Bureaucratic collectivism is evidently a ‘theory’ which contains insights of value - it does have the great virtue of leaving behind the wooden normative method of analysis. On the one side, that if the Soviet Union could be shown not to be capitalist, then it had to be socialistic; and on the other side, that if it could be shown to be non-socialism, it had to be capitalist or state capitalism. Life is much richer than the linear sketch drawn by Marx for Western Europe in his Critique of political economy: ie, primitive communism - slavery - feudalism - capitalism - communism. There have been and can be many other possibilities, including unviable freak societies like the Soviet Union.

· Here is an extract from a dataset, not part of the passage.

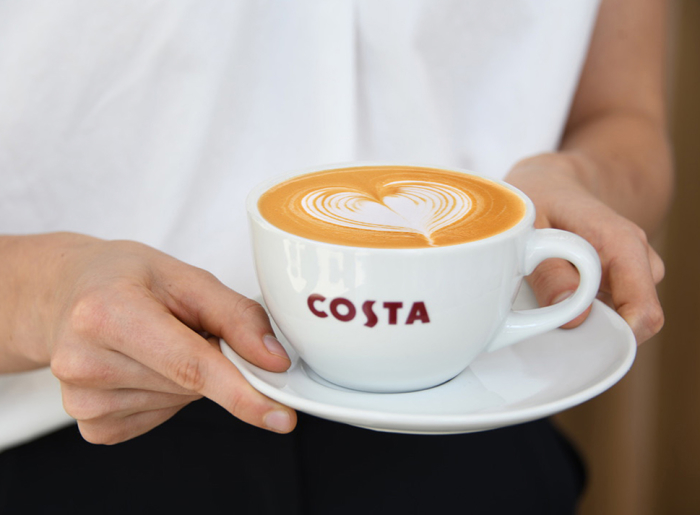 Visit Costa  Costa Coffee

Bureaucratic collectivism therefore calls for, demands, a concrete analysis of the Soviet Union phenomenon. Unfortunately neither Shachtman nor any of his successors developed a fully rounded, or general theory, of the USSR. Shachtman, in his defence, never claimed to have arrived at such a necessary level of theorisation. His bureaucratic collectivism is therefore not really a theory - it cannot locate the Soviet Union’s actual laws of motion and the essential contradictions which led it to stagnation and ignominious final collapse.

From my talks with prominent AWL comrades - Tom Rigby, for example, at Communist University ’98 - there appears to be a danger of bureaucratic collectivism being turned into its opposite by present-day adherents. Instead of getting to grips with the Soviet Union in all its complexity through painstaking research and the logical development of new categories, the limited and often intuitive insights of Shachtman and co are cited as gospel because they conform with what is imagined as ‘Marxist’ orthodoxy. Using this fundamentalist approach, comrade Rigby knows that the Soviet bureaucracy had to be a fully fledged ruling class.

Hopefully The fate of the Russian Revolution will not be used to establish another rigid dogma. On the contrary this book deserves to be used in the service of real theoretical development.